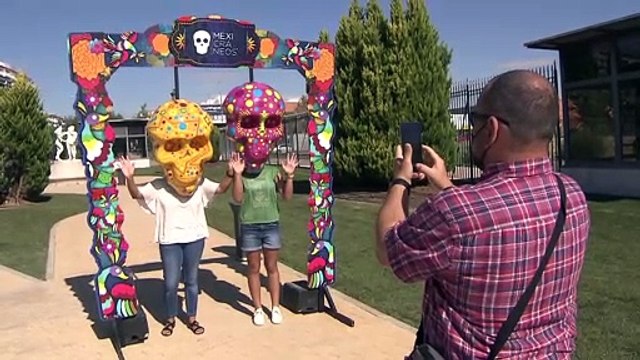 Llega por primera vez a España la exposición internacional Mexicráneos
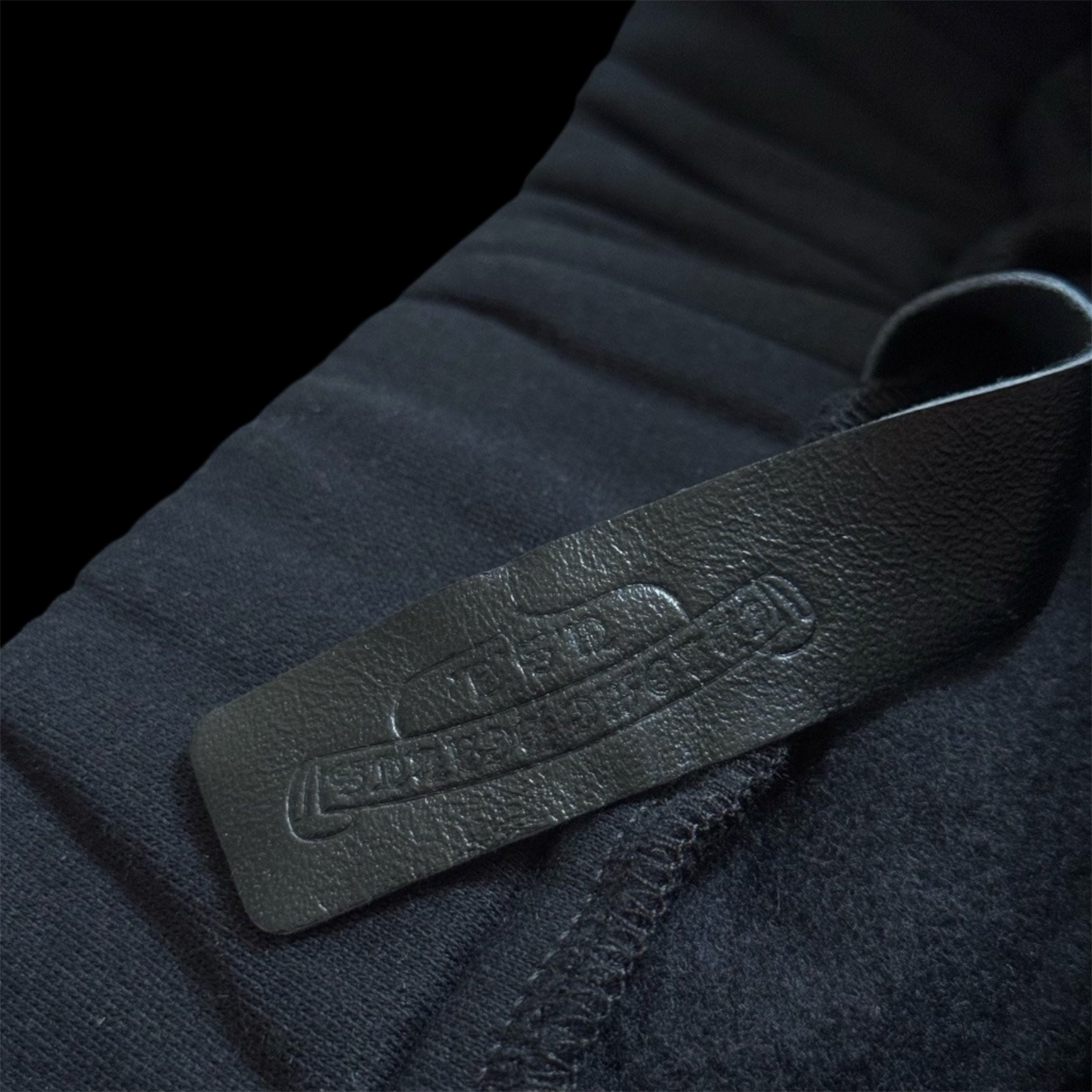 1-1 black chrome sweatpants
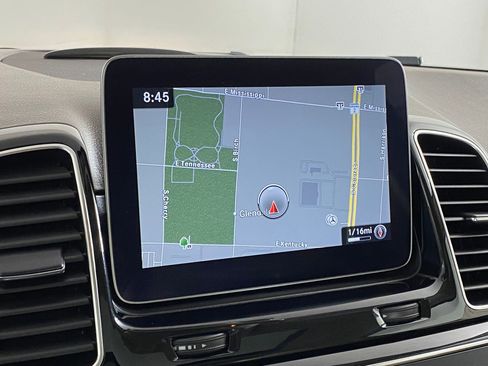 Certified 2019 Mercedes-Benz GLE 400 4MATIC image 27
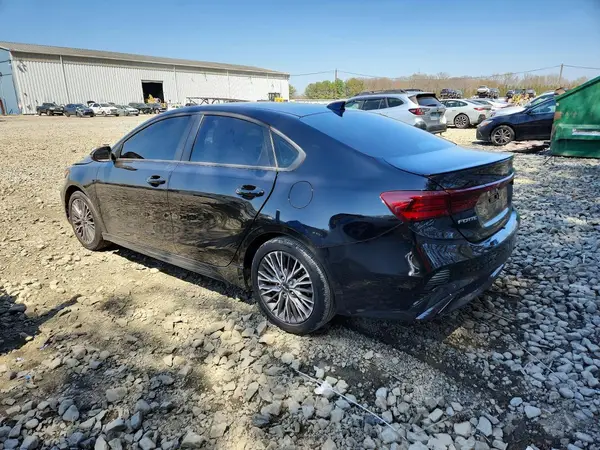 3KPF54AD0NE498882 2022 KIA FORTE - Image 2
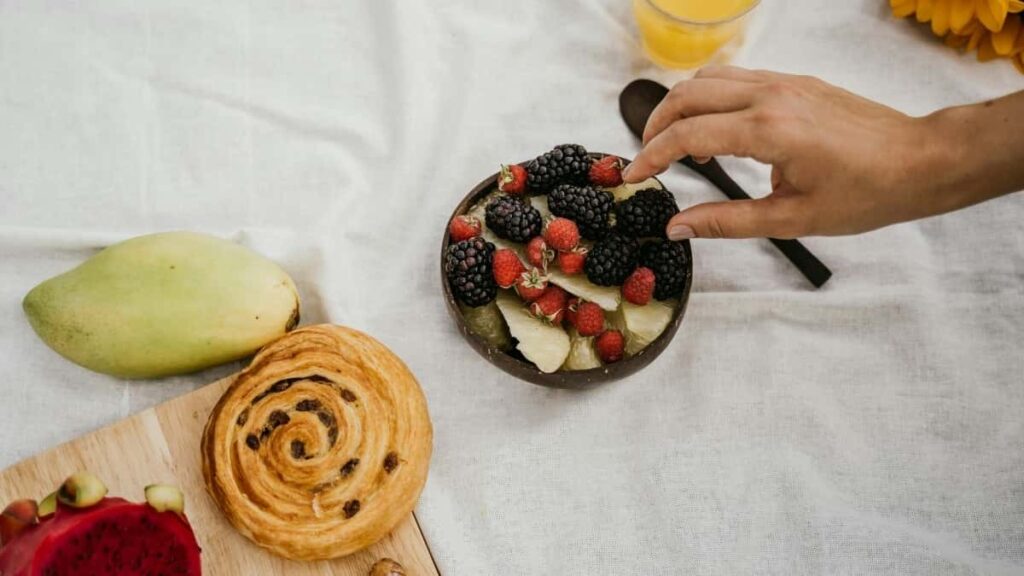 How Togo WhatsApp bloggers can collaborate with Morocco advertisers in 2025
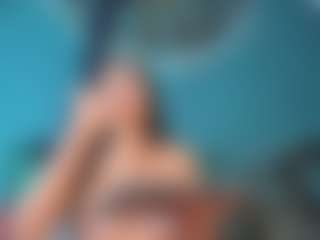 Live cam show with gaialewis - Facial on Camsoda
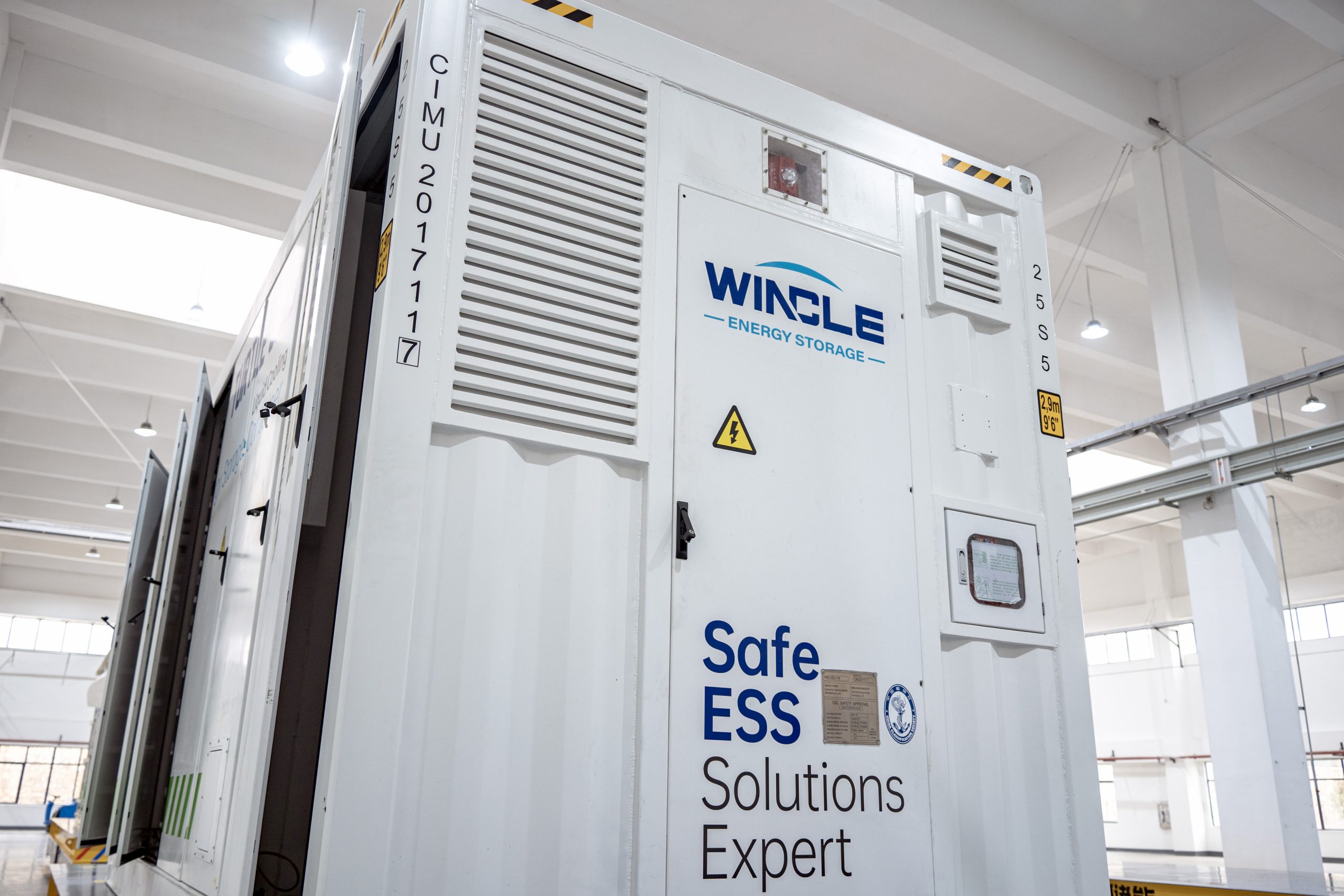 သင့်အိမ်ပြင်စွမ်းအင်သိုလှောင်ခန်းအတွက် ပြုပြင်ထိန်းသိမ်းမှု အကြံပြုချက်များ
...
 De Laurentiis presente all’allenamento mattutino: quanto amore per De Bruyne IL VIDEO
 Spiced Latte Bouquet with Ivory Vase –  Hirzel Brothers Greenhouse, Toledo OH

## Task prompt:
What to print is the stretch of entries from the line with "Llega por primera" up to and including the line with "Live cam show". Please print it exactly and leave out the pictures.

## Answer for this exercise:
 Llega por primera vez a España la exposición internacional Mexicráneos
 1-1 black chrome sweatpants
 Certified 2019 Mercedes-Benz GLE 400 4MATIC image 27
 3KPF54AD0NE498882 2022 KIA FORTE - Image 2
 How Togo WhatsApp bloggers can collaborate with Morocco advertisers in 2025
 Live cam show with gaialewis - Facial on Camsoda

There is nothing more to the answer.